Asami zog ruckartig den Kopf zurück. Es überraschte mich immer wieder aufs Neue, wie aggressiv seine Körpersprache sein konnte. »Das sagst du so seelenruhig? Die Hülle sollte im Weißen Licht sein und nirgendwo anders. Im Vernichteten Gebiet gelten andere Regeln. Shirin hat einen Fehler begangen, die Hülle hätte niemals abtreiben dürfen.«

»Nicht schon wieder diese Leier! Das ist ja fast ein Reflex, immer alle Schuld bei Shirin zu suchen«, mischte ich mich ein. »Dieser bandagierte Körper ist jahrhundertelang im Weißen Licht gewesen. Vielleicht hat ihn irgendeine Bewegung abtreiben lassen, das ist doch nicht gerade unwahrscheinlich. Nur, was ändert’s? Kastor sagt, da war nichts mehr, lediglich ein verschnürter Leichnam, der jetzt wahrscheinlich in einem Schlangenmagen langsam zersetzt wird. Also müssen wir woanders nach einem Übeltäter suchen. Ist doch auch viel besser als die Wiederauferstehung des Superbösewichts. «

»Jedes deiner Worte verrät, wie wenig Ahnung du von alldem hast. Es ist gleichgültig, ob vom Schatten nur ein Leichnam übrig geblieben ist. Er gehört ins Weiße Licht und nirgendwo anders hin. Dieser Körper ist das Gefängnis des Schattens. Und so hätte es auch bleiben sollen«, brachte Asami zwischen aufeinandergepressten Zähnen hervor. Damit war ich abgehakt und er wendete sich Kastor zu, um dessen Augen herum es vor Anspannung zuckte. »Warum hast du die Hülle nicht zurück ins Weiße Licht gebracht, obwohl du ihn in deinen Händen gehalten hast? Lass mich raten: Du hast es vorgezogen, stattdessen diesen Nichtsnutz zu retten. Dafür wirst du dich vor der Versammlung verantworten müssen.«

Mit festem Griff packte ich Asami am Oberarm und zog ihn dicht an mich heran. Ich musste mich leicht hinabbeugen, um ihm ins Ohr flüstern zu können. »Wenn du das vor der Versammlung zur Sprache bringst, dann erzähle ich denen einen Schwank über einen Lichtfresser, den ein gewisser Jemand sich als Sparringspartner hält.«

In Asamis ansonsten schneeweißem Gesicht zeichnete sich tatsächlich Farbe ab: Seine Wangen verfärbten sich blutrot. »Ich bin dein Lehrer. Wie kannst du mich mit etwas erpressen, das mit unseren Unterrichtsstunden zu tun hat?«, brachte er gepresst hervor.

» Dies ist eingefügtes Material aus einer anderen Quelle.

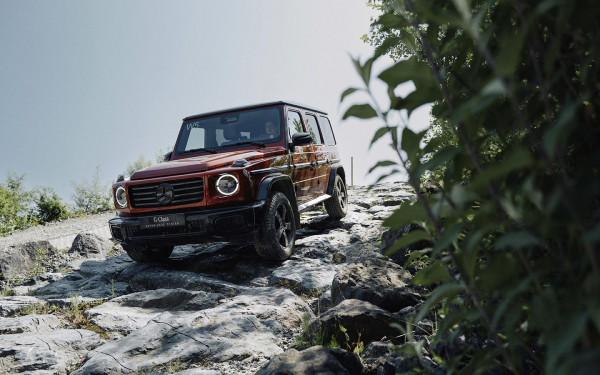 
            Глава Mercedes-AMG заявил о работе над новым поколением G-Class
        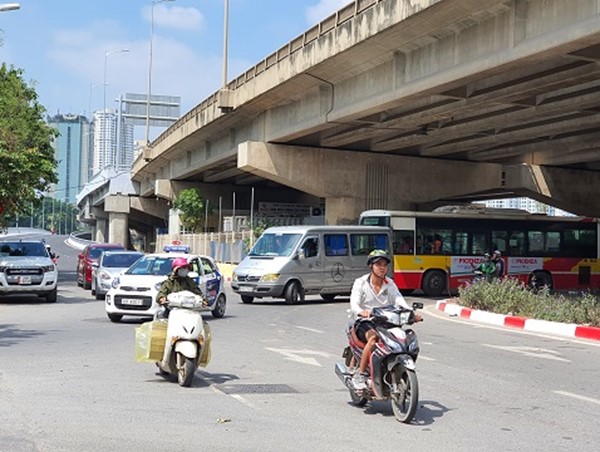 [Điểm nóng giao thông] Cần xem xét lại điểm mở sát cầu Linh Đàm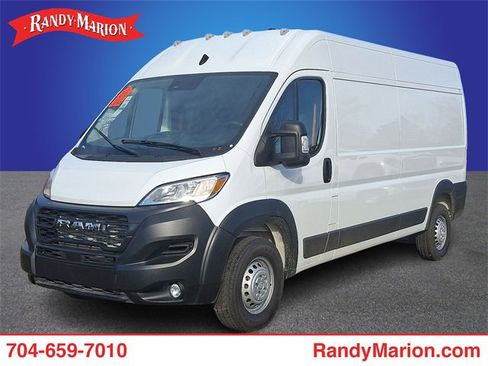 Used 2025 RAM ProMaster 2500 w/ Convenience Group image 1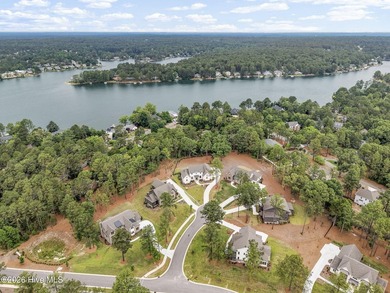 Located just a short stroll from Lake Pinehurst, this - photo 2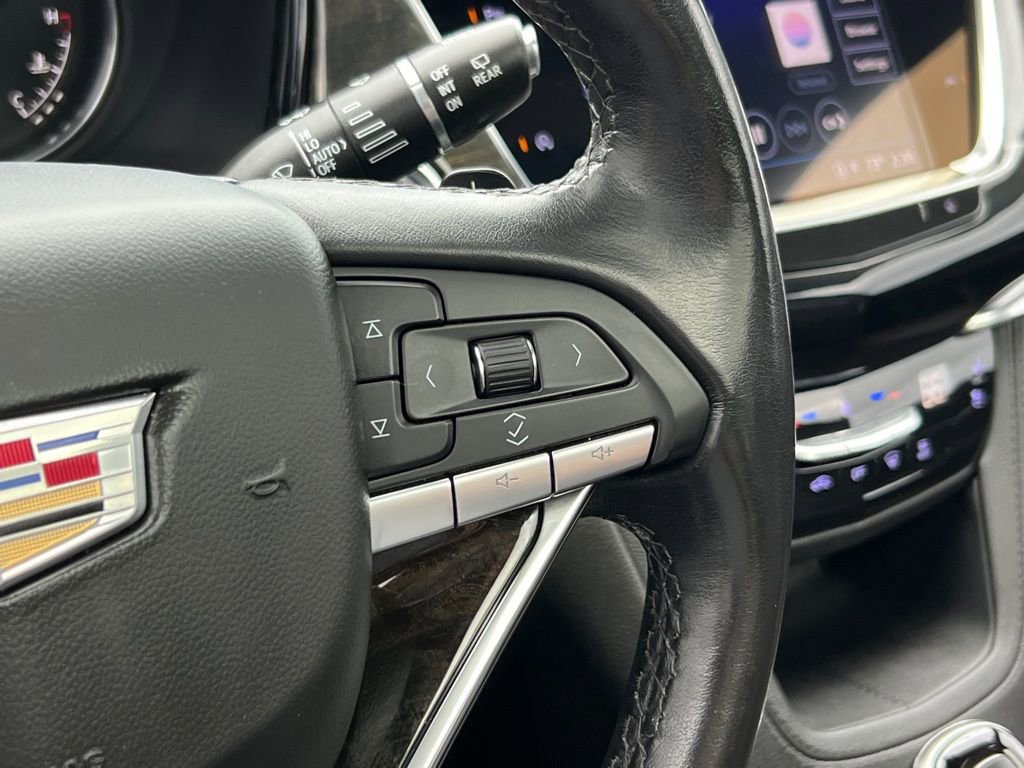 Used 2022 Cadillac XT6 Premium Luxury image 38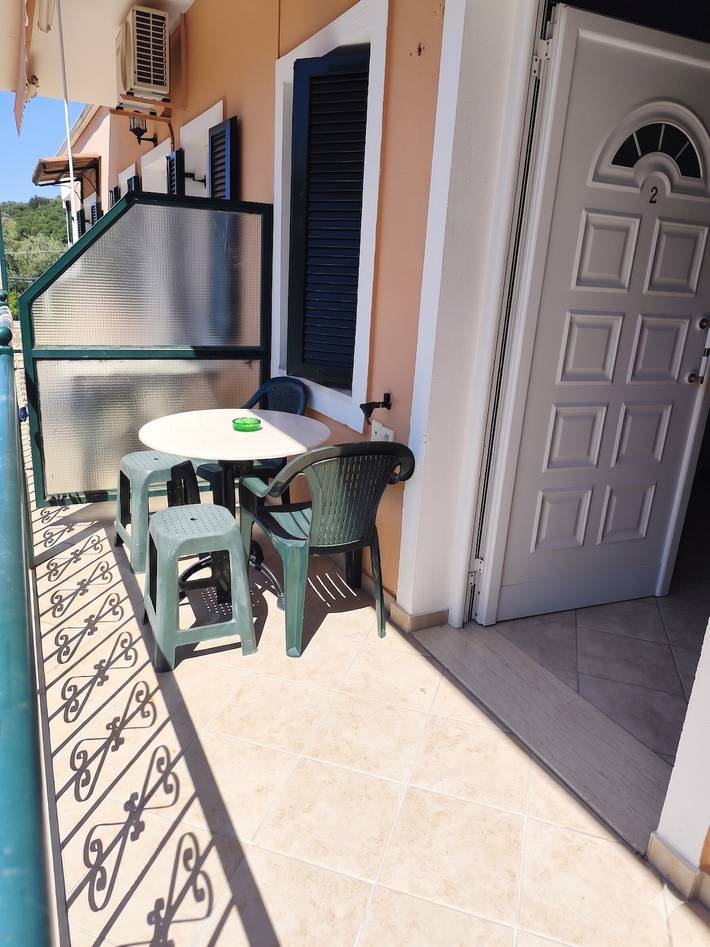 Studio pour 4 personnes, avec balcon et jardin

Hinter uns hörte ich Kastor aufkeuchen. Vermutlich war ihm gerade klar geworden, dass es sich bei der Lichtfresser-Geschichte keineswegs um eine billige Ausrede für mein Faulenzen gehandelt hatte. Doch für Genugtuung war jetzt nicht die Zeit, wenn ich Asami umstimmen wollte. » Du bist mein Lehrer, aber Kastor ist mein Freund. Stell meine Loyalität besser nicht auf die Probe, das Ergebnis würde dir nämlich nicht gefallen.«

»Gut«, lenkte Asami ein, der immer noch gelassen meinen festen Griff ertrug. »Ich werde schweigen. Aber nicht, weil ich Angst vor den Konsequenzen habe. Sondern weil ich darauf vertraue, dass dein Urteil richtig ist. Dass die Hülle lediglich einen Leichnam birgt und weder Shirin noch Kastor etwas damit zu tun haben, dass er in das Vernichtete Gebiet abgetrieben ist. Nur, Samuel … einen Rat: Die Sphäre ist nicht länger ein Ort, an dem die Zeit stillsteht. Im Augenblick können wir Wächter nicht mehr verhindern, dass die eine oder andere Schattenschwinge ihre wahren Gaben einsetzt. Bald wird wieder alles möglich sein, wie schon vor dem Krieg. Gib deshalb besser darauf Acht, wem du vertraust. Nicht alle von uns sind nämlich schon einmal auf die Probe gestellt worden und haben sich beweisen können.«

Langsam gab ich Asami wieder frei, wobei ich den Moment nutzte, um ihn noch einmal ganz genau zu mustern. Zwar wollte sein versteinertes Gesicht sämtliche Regungen vor mir verbergen, allerdings lernte ich allmählich, in seinen Kohleaugen zu lesen. Dort brannte verletzter Stolz, aber ich erkannte auch Sorge und Schmerz. Was zu meiner Verwunderung nicht vorhanden war, waren Wut, Ablehnung oder gar die sonst für ihn so typische Portion Arroganz. Ich hatte Asami getroffen und wusste nicht einmal recht, womit. Dann schlug er die Augen nieder, breitete seine Schwingen aus und flog davon, ohne ein weiteres Wort zu verlieren.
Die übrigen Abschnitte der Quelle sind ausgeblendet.